How to Choose a Credit Counselor
With the help of a qualified, well-trained credit counselor, you can gain the financial freedom for which you’ve been searching. The road to that point is not easy – oftentimes, you must complete hours of counseling sessions and curb your spending to fit your budget – but once you are in the clear financially, you will be happy you put in the hard work.
What Is a Credit Counselor?
A credit counseling organization – which may or may not be nonprofit – works with you in a confidential setting to solve your financial problems. While many such organizations are in operation across the United States, not all are legitimate. In fact, many of them charge high fees and act outside of your best interes, all in an effort to gain hold of your hard-earned money.

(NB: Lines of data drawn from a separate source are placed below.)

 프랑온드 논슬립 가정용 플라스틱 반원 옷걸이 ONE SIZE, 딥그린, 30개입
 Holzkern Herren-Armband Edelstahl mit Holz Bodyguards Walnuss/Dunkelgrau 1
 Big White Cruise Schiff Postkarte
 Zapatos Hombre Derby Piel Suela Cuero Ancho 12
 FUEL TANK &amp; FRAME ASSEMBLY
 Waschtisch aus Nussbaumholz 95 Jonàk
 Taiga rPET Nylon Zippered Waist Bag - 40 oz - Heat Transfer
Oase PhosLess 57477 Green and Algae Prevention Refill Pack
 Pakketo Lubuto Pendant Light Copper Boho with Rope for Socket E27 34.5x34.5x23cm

Depending on your schedule, personal preference and general availability, you can choose to obtain the services of credit counselors through one-on-one, in-person counseling sessions; on the Internet; or over the telephone.
Where to Look
Credit counseling organizations are in every city. According to the Federal Trade Commission (FTC), “Many universities, military bases, credit unions, housing authorities, and branches of the U.S. Cooperative Extension Service operate nonprofit credit counseling programs.” With so many organizations to choose from, it behooves you to do some serious legwork to find the credit counseling organization that works best for you and your needs.
Ask the Right Questions
When deciding with which credit counselor to partner, make certain you have a clear grasp of the services they offer. The FTC suggests looking for an organization that offers a variety of services, including budget counseling and savings and debt management classes. That way, you can obtain a wide array of professional services without needing to involve multiple third parties – which could lead to varying opinions on how to effectively and quickly resolve your financial issues.
The key to successfully solving financial issues through debt management and other means is getting sound advice and information. Ask potential credit counselors whether their organization provides free educational materials and consultations. Steer clear of any organization that charges for educational materials and other information related to your case. If service fees apply, be certain to obtain a specific price in writing, including whether the fee is a one-time set-up fee or an ongoing monthly fee. If prices are not clear or are described as “sliding,” choose a different organization.
The FTC strongly encourages consumers to ask potential credit counselors whether they are licensed to offer services in the state in which they are operating. Not all credit counselors are licensed, so be certain not the miss this step. In addition, ask the counselor to disclose their qualifications, including whether they are accredited or certified by an outside organization. If they are accredited, be certain to obtain the name of the organization where they underwent training. This information can help you evaluate whether the counselor is best suited to your needs. The FTC suggests using an organization whose counselors are trained by a nonaffiliated party.